The word ‘former’ got attached before Amy Kenealy’s description as an Ireland cricketer after she announced her decision to call it quits from the sport.
Aged 31, Kenealy last donned the Irish green in international cricket July 2018. In 23 ODIs, she has 16 wickets to show while in the shortest format, she picked up seven wickets in the 22 innings she bowled in.
“It is with all sorts of mixed emotions I am stepping away from the Ireland Women’s international team, but this is the correct decision for me right now,” she said in a statement.
“I would like to take this opportunity to thank my teammates, coaches and Cricket Ireland staff for every opportunity that they have given me in this amazing part of my life – from the gruelling fitness sessions on Clontarf seafront back in 2006 to the amazing Sport Ireland Institute, to playing in men’s Division 12, to opening the bowling in a World Cup in India and everything in between.”
Kenealy played two World T20s – in Bangladesh in 2014 and in India in 2016. She debuted for Ireland way back in 2008 and played at the highest level for ten years.
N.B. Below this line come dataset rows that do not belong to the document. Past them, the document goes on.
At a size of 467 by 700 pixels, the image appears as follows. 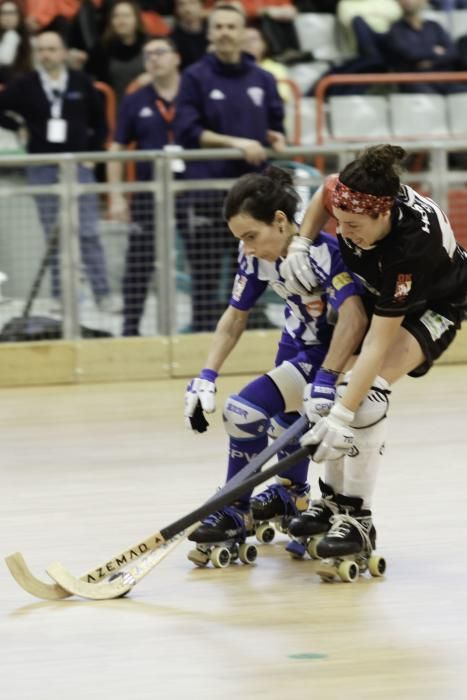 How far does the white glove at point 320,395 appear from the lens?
4.67 meters

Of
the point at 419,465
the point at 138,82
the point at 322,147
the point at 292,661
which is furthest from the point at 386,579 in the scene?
the point at 138,82

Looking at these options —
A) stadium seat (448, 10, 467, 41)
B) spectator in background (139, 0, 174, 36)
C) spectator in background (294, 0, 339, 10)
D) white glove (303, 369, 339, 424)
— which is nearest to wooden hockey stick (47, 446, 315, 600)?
white glove (303, 369, 339, 424)

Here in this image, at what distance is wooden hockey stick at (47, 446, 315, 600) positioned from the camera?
4570 mm

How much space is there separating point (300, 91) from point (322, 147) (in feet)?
7.79

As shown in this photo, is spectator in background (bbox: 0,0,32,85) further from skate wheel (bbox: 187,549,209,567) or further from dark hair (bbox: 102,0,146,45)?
skate wheel (bbox: 187,549,209,567)

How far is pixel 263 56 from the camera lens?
37.7 feet

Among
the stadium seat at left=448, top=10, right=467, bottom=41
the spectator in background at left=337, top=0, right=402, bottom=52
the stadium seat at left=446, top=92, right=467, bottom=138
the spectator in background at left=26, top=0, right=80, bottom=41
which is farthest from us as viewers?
the stadium seat at left=448, top=10, right=467, bottom=41

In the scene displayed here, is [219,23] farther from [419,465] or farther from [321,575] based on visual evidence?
[321,575]

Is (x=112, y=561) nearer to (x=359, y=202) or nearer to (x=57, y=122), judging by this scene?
(x=359, y=202)

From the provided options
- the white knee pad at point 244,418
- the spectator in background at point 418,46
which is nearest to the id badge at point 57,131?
the spectator in background at point 418,46

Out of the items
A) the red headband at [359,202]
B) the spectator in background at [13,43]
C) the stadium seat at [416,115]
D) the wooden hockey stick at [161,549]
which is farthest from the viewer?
the stadium seat at [416,115]

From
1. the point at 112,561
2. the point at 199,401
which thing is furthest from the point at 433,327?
the point at 112,561

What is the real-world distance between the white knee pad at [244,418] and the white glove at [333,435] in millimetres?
458

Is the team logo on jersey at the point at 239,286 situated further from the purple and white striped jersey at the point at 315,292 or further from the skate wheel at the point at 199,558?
the skate wheel at the point at 199,558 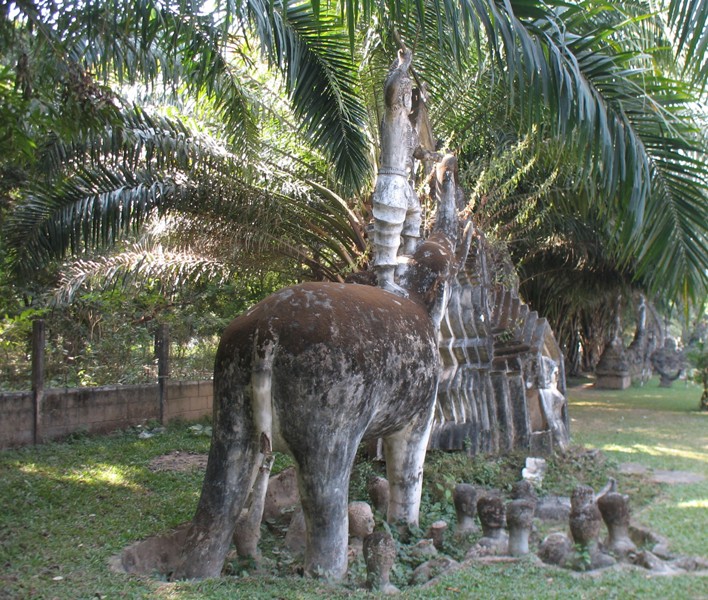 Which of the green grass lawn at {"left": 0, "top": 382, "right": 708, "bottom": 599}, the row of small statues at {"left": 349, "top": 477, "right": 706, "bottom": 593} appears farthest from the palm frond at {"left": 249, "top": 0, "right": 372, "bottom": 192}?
the row of small statues at {"left": 349, "top": 477, "right": 706, "bottom": 593}

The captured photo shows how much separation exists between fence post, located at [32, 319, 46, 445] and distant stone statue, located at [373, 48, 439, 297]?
4.70 metres

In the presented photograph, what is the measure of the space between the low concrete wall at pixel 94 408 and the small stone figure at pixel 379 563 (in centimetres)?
540

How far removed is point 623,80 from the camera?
5.67 metres

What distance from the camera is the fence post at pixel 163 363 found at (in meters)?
10.1

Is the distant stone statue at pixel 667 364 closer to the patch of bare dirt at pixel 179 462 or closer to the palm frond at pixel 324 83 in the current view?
the palm frond at pixel 324 83

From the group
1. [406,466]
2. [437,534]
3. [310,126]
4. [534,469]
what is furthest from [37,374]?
[534,469]

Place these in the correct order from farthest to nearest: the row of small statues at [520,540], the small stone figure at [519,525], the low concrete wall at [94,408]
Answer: the low concrete wall at [94,408] < the small stone figure at [519,525] < the row of small statues at [520,540]

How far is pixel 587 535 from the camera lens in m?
4.55

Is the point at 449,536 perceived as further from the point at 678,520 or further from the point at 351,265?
the point at 351,265

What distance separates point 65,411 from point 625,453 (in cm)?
657

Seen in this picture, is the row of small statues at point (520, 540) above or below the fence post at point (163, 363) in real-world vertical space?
below

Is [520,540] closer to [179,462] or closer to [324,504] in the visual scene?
[324,504]

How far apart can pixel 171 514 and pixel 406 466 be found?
1937 mm

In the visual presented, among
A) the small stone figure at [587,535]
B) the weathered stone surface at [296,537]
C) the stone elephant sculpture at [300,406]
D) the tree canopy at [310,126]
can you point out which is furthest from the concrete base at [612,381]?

“I can still remember that first phone call from Claire O’Leary in my leaving cert year to invite me to train with the squad – since that time I’ve given it my all, and have made so many friends and memories over this time.”
She said she would be keeping tab on the progress of Ireland and support them as she bid adieu to the sport.
“As an 18-year old Amy was one of the best young bowlers in the country, so I had no hesitation in selecting her,” said Miriam Grealey, Ireland Women’s selector and former long-term coach of Kenealy. “Throughout her career Amy was a great addition to the squad with an excellent work ethic and attitude.”
Even the Performance Director for Cricket Ireland, Richard Holdsworth, had words of praise for the Ireland seamer. “To play 72 times for her country is a testament to Amy’s skills and abilities as a cricketer, and while we support her in her decision and wish her well, we hope that she maintains a close relationship with cricket and can be a supportive presence as we grow our sport across Ireland,” he said.